Full disclosure: it’s surprisingly joyful to be weird (and couldn’t we all use a little joy right about now?). Weirdos get to snort laugh and love dinosaurs and corner store candy well into our adult years. We can unapologetically appreciate bedheads and mismatched socks. We get to joyfully recognize and acknowledge weirdness in others, and we can tell complete strangers that they are awesome in their weirdness. It’s nice work, if you can get it.
It’s also a relief to be weird, particularly with our present set of challenges. Weirdos have long since recognized that there is no normal to get back to, that whatever normal used to be, it was kind of crappy. That’s why normal always felt a little strange to some of us. Any weirdo will tell you that normal can hurt, can be used as a weapon, a smokescreen used to cover all manner of monstrosities. Being weird means embracing the notion that to be human is to be a little bit odd. Think of how utterly distasteful it is to see yourself as just another tiny blip in the universe. We can’t pride ourselves on being a species that spawns rugged individuals, and then stomp all over anyone who tries to distinguish themselves. In one of those paradoxical ways, what unites all of us is our ability to be a little weird.
Weird gets things done too. It means asking “Why not?” and “Can we try?” It entails being okay with screwing things up and redoing them. It’s embracing possibilities and training yourself to ignore side eye. It’s taking the risks that are truly worth taking. So much of what we’ve accomplished over the past couple thousand years has been fuelled by weird.
Geeks, nerds, creatives, thinkers, tinkers, dreamers, overdoers, oversharers, we need you now.

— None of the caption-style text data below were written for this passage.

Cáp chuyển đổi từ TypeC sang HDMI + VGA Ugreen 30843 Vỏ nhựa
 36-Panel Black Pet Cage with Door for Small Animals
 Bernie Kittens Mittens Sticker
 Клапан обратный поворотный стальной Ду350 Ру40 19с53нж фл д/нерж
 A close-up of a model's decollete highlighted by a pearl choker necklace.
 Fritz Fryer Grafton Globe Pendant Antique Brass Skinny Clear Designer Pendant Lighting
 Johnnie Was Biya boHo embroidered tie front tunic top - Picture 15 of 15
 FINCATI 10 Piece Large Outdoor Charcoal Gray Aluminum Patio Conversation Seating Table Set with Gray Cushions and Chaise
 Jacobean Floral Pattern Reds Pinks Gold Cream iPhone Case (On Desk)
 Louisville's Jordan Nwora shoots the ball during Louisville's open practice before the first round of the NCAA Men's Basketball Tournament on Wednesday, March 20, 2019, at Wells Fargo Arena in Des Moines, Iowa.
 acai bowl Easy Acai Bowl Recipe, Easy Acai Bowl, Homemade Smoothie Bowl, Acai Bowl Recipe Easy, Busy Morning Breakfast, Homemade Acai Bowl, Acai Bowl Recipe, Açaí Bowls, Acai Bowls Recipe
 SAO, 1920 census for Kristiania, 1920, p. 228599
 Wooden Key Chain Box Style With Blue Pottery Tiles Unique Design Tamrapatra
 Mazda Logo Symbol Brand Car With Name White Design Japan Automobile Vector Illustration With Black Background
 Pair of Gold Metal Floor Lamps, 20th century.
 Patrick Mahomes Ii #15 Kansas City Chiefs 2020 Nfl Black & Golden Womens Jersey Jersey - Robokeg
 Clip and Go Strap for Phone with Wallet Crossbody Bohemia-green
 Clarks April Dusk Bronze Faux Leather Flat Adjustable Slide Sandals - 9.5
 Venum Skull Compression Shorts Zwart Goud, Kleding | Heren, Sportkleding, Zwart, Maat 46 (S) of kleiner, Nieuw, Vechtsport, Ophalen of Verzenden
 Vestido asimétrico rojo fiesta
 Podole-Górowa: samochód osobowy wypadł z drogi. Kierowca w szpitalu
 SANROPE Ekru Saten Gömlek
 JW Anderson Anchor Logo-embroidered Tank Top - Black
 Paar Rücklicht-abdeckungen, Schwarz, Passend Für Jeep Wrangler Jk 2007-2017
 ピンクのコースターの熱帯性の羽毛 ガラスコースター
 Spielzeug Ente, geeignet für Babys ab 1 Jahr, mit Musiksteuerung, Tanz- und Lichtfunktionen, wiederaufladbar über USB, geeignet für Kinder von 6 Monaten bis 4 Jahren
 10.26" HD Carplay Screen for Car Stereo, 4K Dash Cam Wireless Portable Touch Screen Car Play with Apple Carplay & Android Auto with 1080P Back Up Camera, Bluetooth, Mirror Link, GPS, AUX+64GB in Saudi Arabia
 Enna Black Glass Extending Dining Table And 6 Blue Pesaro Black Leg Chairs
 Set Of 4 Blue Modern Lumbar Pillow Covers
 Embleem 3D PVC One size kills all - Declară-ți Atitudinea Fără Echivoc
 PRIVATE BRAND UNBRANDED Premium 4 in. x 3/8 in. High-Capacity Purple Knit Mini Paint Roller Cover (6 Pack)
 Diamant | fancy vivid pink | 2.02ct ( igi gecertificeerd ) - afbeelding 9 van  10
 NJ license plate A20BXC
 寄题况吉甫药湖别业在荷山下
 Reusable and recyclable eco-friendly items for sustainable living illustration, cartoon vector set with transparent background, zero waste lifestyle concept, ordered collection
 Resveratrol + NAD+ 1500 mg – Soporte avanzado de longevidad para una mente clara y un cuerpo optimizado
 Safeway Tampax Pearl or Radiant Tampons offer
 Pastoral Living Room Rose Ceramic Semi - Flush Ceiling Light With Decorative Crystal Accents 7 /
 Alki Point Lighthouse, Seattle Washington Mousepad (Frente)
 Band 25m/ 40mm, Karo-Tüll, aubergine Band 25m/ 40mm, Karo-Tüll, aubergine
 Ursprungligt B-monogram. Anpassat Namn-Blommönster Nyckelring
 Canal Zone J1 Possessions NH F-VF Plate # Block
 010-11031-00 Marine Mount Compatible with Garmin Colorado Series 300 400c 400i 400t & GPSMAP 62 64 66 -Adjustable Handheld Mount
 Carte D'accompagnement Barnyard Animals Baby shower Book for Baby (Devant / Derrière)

We need you to counter bad weird with good weird. We need you to stick a fork in hate by being weirdly curious about other people. We need you devoted to learning about what you don’t know about being human, unafraid to awkwardly stick out your hand and high five others for being who they are. We need you gathering up all the solutions to problems (big problems). We need the ideas you thought were too weird to work, the ones you were too shy to slap on the table or bring up in front of others. We need your weirdo flexibility and willingness to change.
We need you weird enough to keep yourself and others safe (ahem, masks). We need you buying local, walking places, growing food in your balcony planters, and using stuff until it falls apart. We need you clapping extra hard for struggling artists, celebrating unsung heroes, and making the first awkward move in building new relationships. We need you to be vocal about your love of science and reason. We need you shouting about beauty and truth and justice and love.
We need you to be weirdly vulnerable and authentic, to not let important conversations fizzle out. We need you to be the kid who keeps putting their hand up, who can’t leave well enough alone, who says the quiet part loud and makes people blush (but also listen). We need your weirdness in thinking critically, being curious and creative, and admitting you like and care about other people and things. We need weird to become your calling card, your vocation, your lifestyle, and your passion, all at once.
The going isn’t getting any less weird. And neither should you.